This Week on Galileo
23 Apr 2001
(Source: Jet Propulsion Laboratory)
This week sees the continuation of the set of instrument calibrations that began on Sunday. On Monday, the Near Infrared Mapping Spectrometer (NIMS) views a calibration plate mounted on the spacecraft. Since NIMS is sensitive to thermal emissions (heat), this Radiometric Calibration Target plate is warmed to a known temperature, and the instrument measures the signal it sees. By comparing the signal from this known source with those from observations of Jupiter's atmosphere or of the surfaces of the satellites, scientists can determine the correct temperatures of those features.
The Solid State Imaging camera (SSI), which imaged Saturn on Sunday, today views its largest satellite Titan. The observations are made through three filters that are sensitive to wavelengths of light characteristic of absorption by methane gas. Since both Saturn and Titan have prominent methane atmospheres, these bodies make excellent calibration targets.
Following these activities, Galileo will be turned approximately nine degrees so that the spin axis of the spacecraft will be pointed directly at the Sun. This allows the Sun to shine directly on another calibration plate on the spacecraft, the Photometric Calibration Target. When this plate is evenly illuminated, and not shadowed by any other parts of the spacecraft, nor varying in brightness as the spacecraft spins, both NIMS and SSI can view a flat field of known, uniform intensity. This allows the instruments to determine if their sensitivities vary across their respective fields of view, or have changed since the last calibration of this type in 1997.
This is the last time in the mission that we plan on calibrating SSI and NIMS in this way. These measurements will be stored on the spacecraft tape recorder. Late Monday night playback of the data will begin, and this will continue over the next month, completing prior to the next flyby of Callisto near the end of May.

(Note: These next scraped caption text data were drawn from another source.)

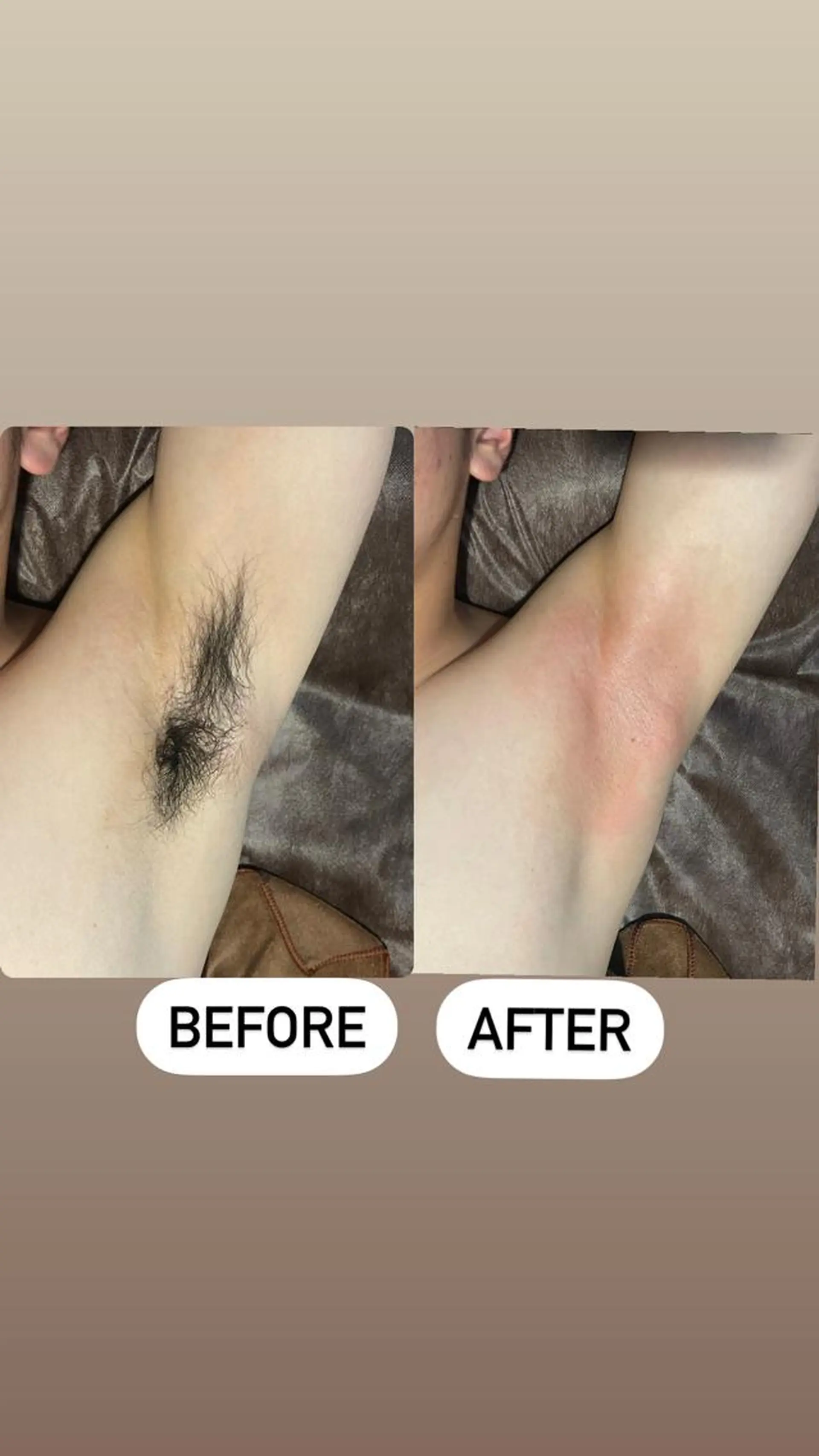 メンズ 脱毛 メンズ眉毛ITSUK Iメンズ専門　新宿の眉毛・アイブロウイメージ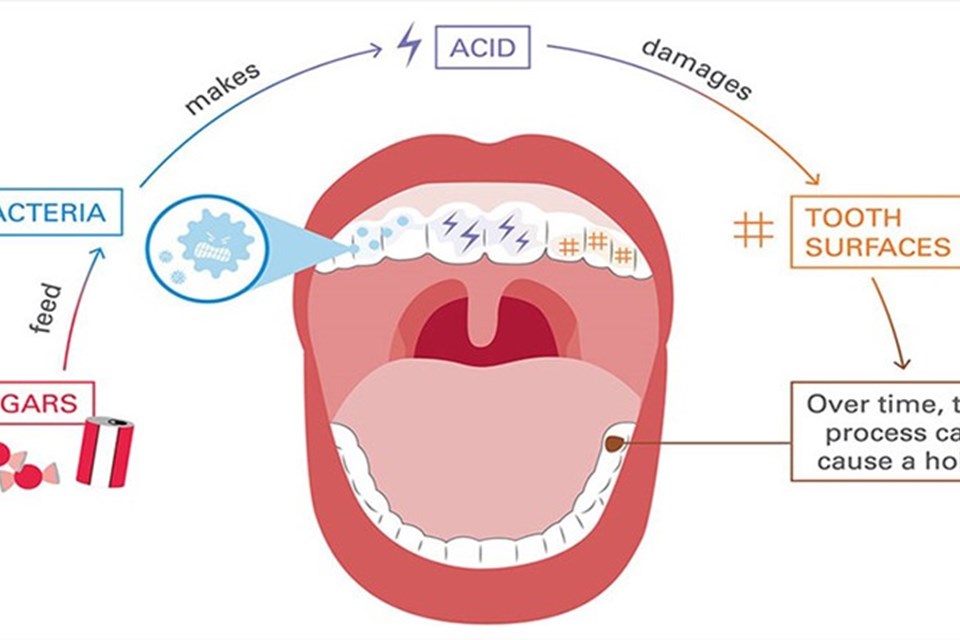 Nên khám định kỳ răng mỗi 6 tháng Nên khám định kỳ răng mỗi 6 tháng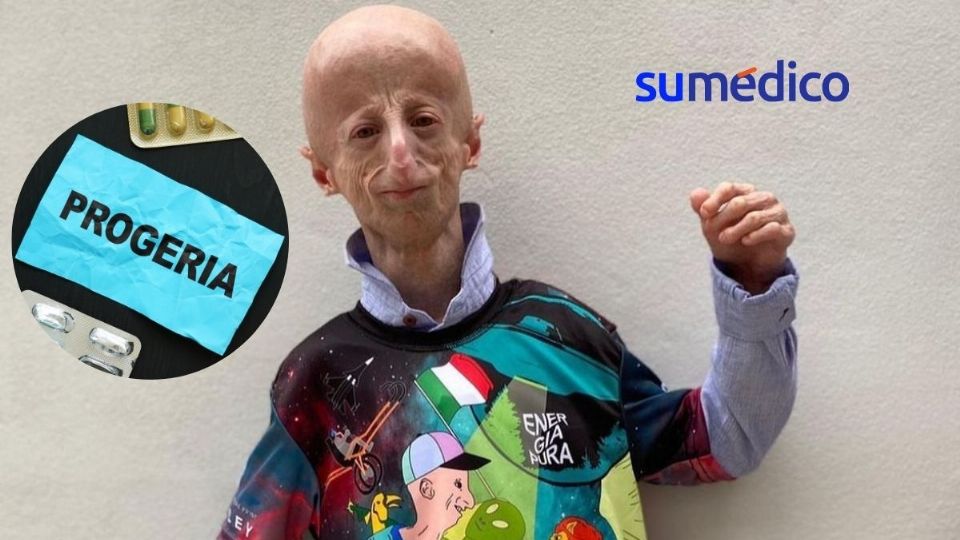 Sammy Basso murió a los 28 años a causa de la enfermedad progeria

After the calibrations are complete, the spacecraft is again turned to point the communications antenna towards Earth. Then a special engineering test of the SSI electronics will be done. During the last encounter with Ganymede in December of 2000, there were several times when an intermittent problem in the instrument electronics saturated the signal received from the imaging CCD sensor. This had the same effect as shining a bright light into the camera, washing out the pictures taken. Tests have shown that turning the instrument power off and on again clears up the problem. However, when the instrument is turned off, the software that governs the camera operations must be reloaded into its computer memory. This test exercises a new technique to reload that software more quickly and using fewer commands. This technique will make it easier to restore camera operations if the problem should recur.